Missing observations

Hello, all. My name is Michael Sikivie and I’m new to this forum.

I put together a data extract using iPUMS. All I’ve done is run the do file that reads in the data file that iPUMS gives me, cps_00002.dat.gz, into Stata. There are so many missing observations that I think something must have gone wrong reading in the data. I’m mostly interested in the linking variables that apparently aren’t in the CPS data itself, but apparently even those are mostly missing. cpsidp is 99.98% missing with only 771 observations, and marbasecidp is 99.99% missing. It seems like those variables should be about 0% missing, since they are used to link households across months of the monthly CPS and to the ASEC.

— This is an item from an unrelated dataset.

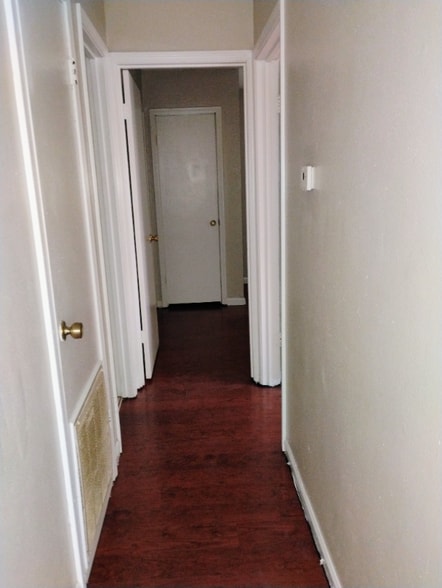 Building Photo - 1754 Cedar Lake Dr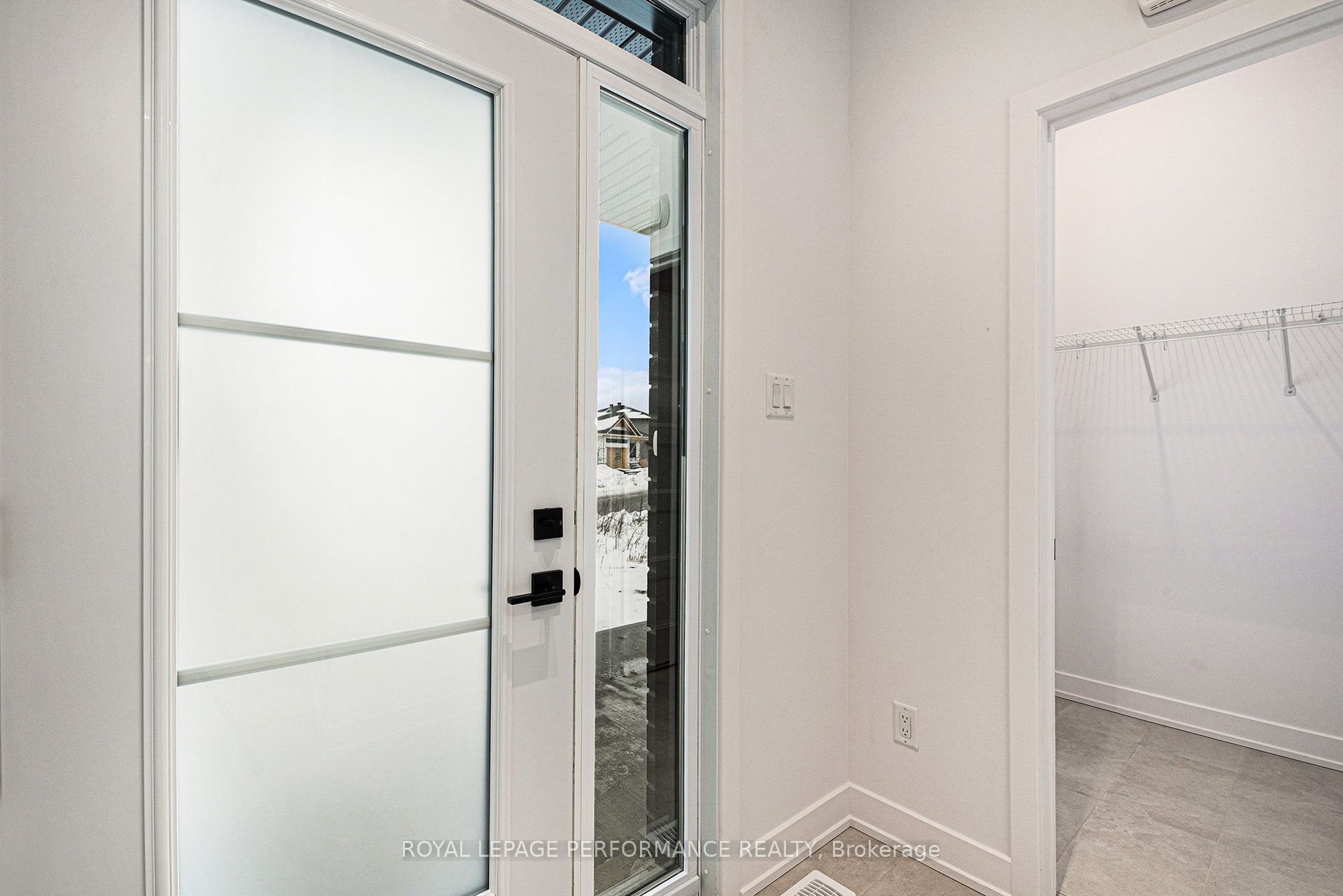 94 RUTILE Street, Clarence-Rockland, ON K4K 0M6 photo 2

I don’t know if this is relevant, but I altered one line of the do file to make it work. At the end of the “quietly infix” line I replaced “using cps_00002.dat” with “using cps_00002.dat.gz”, because that was the name given when I downloaded it from iPUMS, and before I changed that line Stata would give an error and not read in any data.

Any help is appreciated.

It sounds like you are trying to read a compressed (.gz) file in Stata, please correct me if I’m wrong. In order to read a data file into Stata it will need to be decompressed first (7zip is a good decompression program if you need one). Note that changing the .do file to point to a .dat file instead of a .dat.gz file will not decompress the data; you may be able to read the data into Stata but it will not read the data correctly.